- Georges Hébrail , Professeur à Telecom-ParisTech
Title: An introduction to data stream querying and mining
Abstract
Human activity is nowadays massively supported by computerized systems. These systems handle data to achieve their operational goals and it is often of great interest to query and mine such data with a different goal: the supervision of the system. The supervision process is often difficult (or impossible) to run because the amount of data to analyze is too large to be stored in a database before being processed, due in particular to its historical dimension.
This problem has been studied intensively for several years, mainly by researchers from the database field. A new model of data management has been defined to handle “data streams” which are infinite sequences of structured records arriving continuously in real time. This model is supported by newly designed data processing systems called “Data Stream Management Systems”. These systems can connect to one or several stream sources and are able to process “continuous queries” applied both to streams and standard data tables. These queries are qualified as continuous because they stay active for a long time while streaming data are transient. The key feature of these systems is that data produced by streams are not stored permanently but processed ‘on the fly’. Note that this is the opposite of standard database systems where data are permanent and queries are transient. Such continuous queries are used typically either to produce alarms when some events occur or to build aggregated historical data from raw data produced by input streams.

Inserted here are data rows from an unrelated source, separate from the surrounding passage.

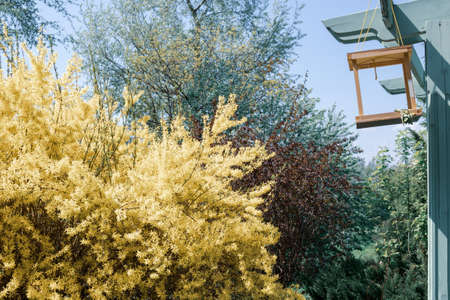 Forsythia flowers and bird feeder. Golden Bell, blooming in spring yellow garden bush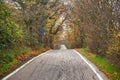 Road to vanishing point in fall colors Royalty Free Stock Photo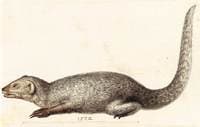 Study of an Indian Mongoose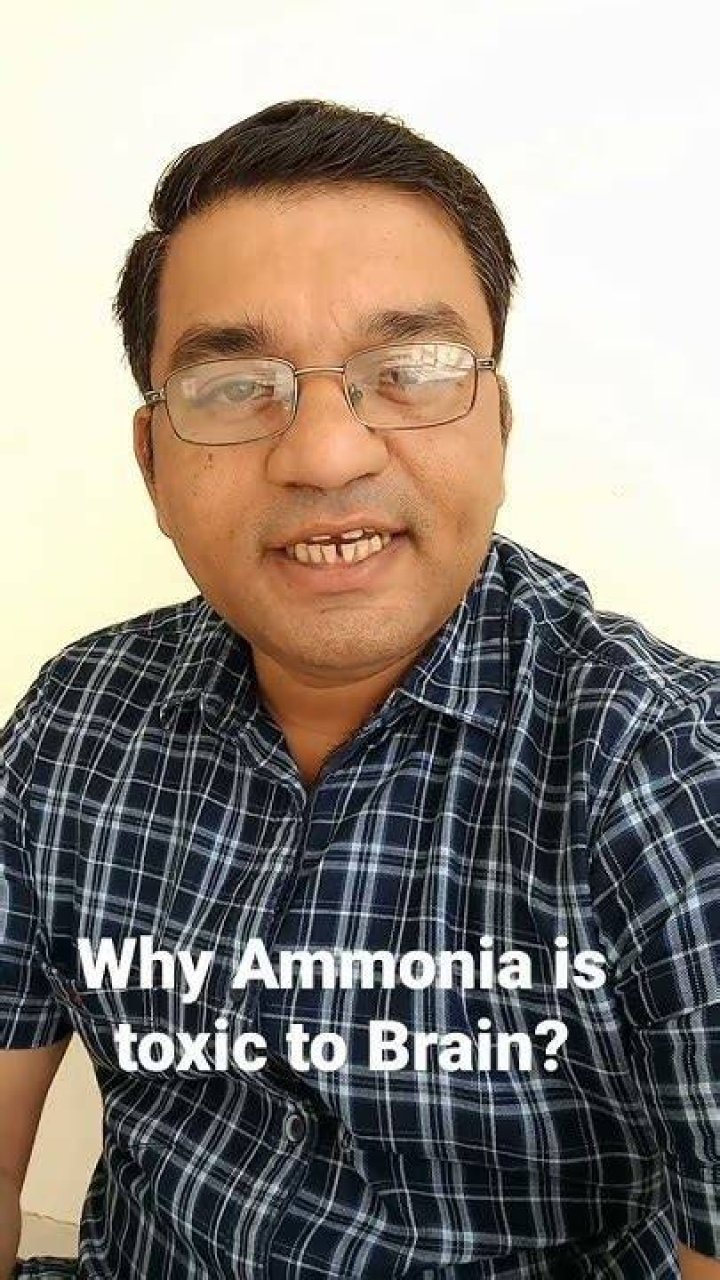 Why ammonia is toxic to brain?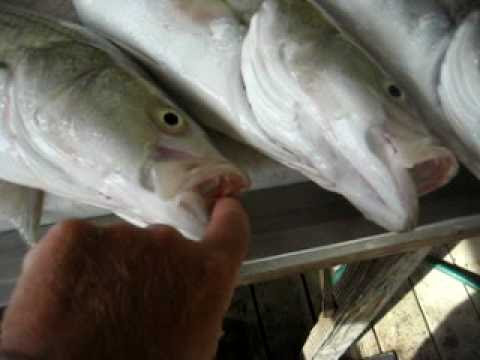 Colusa Casino Resort. Striper Colusa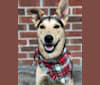Delta, a German Shepherd Dog and American Pit Bull Terrier mix tested with EmbarkVet.com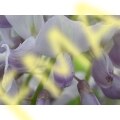 Wisteria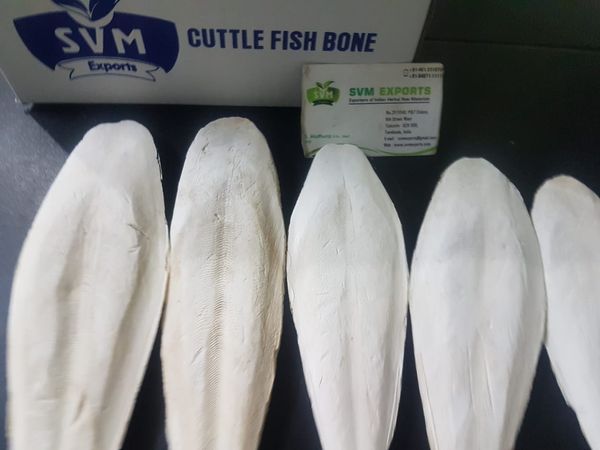 Cuttlefish bone from India supplied by SVM EXPORTS - Whole (=In the Round) Frozen Cuttlefish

As data stored in data bases and warehouses are processed by mining algorithms, it is interesting to mine data streams, i.e. to apply data mining algorithms directly to the streams instead of storing them beforehand in a database. This problem has also been studied a lot and new data mining algorithms have been developed to be applicable directly to streams. These new algorithms process data streams ‘on the fly’ but they can also provide results based on a portion of the stream instead of the whole stream already seen. Portions of streams are defined by fixed or sliding windows.
We will provide an introduction to the data stream management and mining field. First, the main applications which motivated these developments will be presented (telecommunications, computer networks, stock market, security, …) and the new concepts related to data streams will be introduced (structure of a stream, timestamps, time windows, …). A second part will present the main concepts and architectures related to Data Stream Management Systems. The third part will present the main results about the adaptation of data mining algorithms to the case of streams.

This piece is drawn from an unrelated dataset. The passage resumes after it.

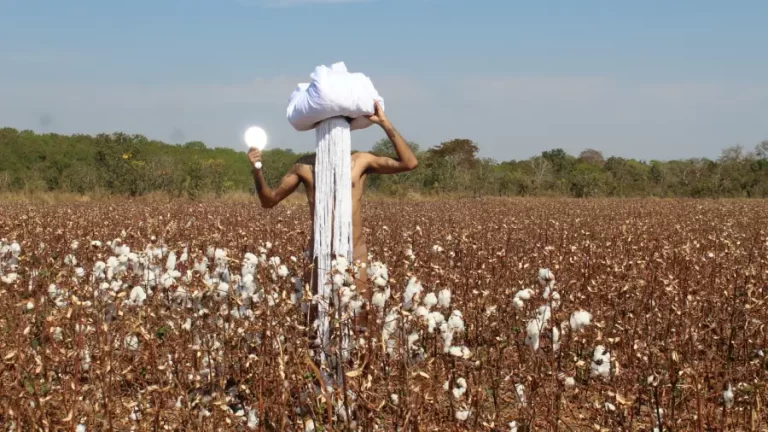 Festival Internacional Imaginários Urbanos traz a performance como instrumento de reflexão sobre corpo e território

- Ludovic Lebart, Directeur de Recherches CNRS, Telecom-ParisTech
Title: Introduction to Text Mining
Abstract
Principal axes techniques and classification methods play a major role in the computerized exploration of textual corpora. They produce visualizations and/or groupings of elements (free responses in marketing and socioeconomic surveys, discourses, scientific abstracts, patents, broadcast news, financial and economic reports, literary texts, etc.); they highlight associations and patterns; they devise decision aids for attributing a text to an author or a period, for choosing a document within a database, for coding information expressed in natural language. They help also to achieve more technical objectives such as lexical disambiguation, parsing, selection of statistical units, description of semantic graphs, speech and optical character recognition. However, the basic concepts of statistical data analysis must be modified in text analysis. Variables, instead of being declared a priori, are derived from the text. Statistical units (or: observations, subjects, individuals, examples) can be documents (described by their titles or abstracts) in documentary databases, respondents (described by their responses to open questions) in surveys, or segments of texts (sentences, context units, paragraphs) in literary applications. Four additional characteristics increase the complexity of the basic data tables: These tables are large (thousands of documents, thousands of words), often sparse (a document may contain a relatively small number of words) and are provided with a huge amount of available meta-data (rules of grammar, semantic networks). Finally, textual data deal with sequences of occurrences (or: strings) of items, whose order could be of importance, another non standard feature in the multidimensional data analysis. We will focus our presentation on the assessments of visualizations, and the use of meta-data. The examples of application concern open-ended questions in an international survey.
Author’s reference
Lebart L., Salem A., Berry E. (1998). Exploring Textual Data.
Kluwer Academic Publisher, Dordrecht.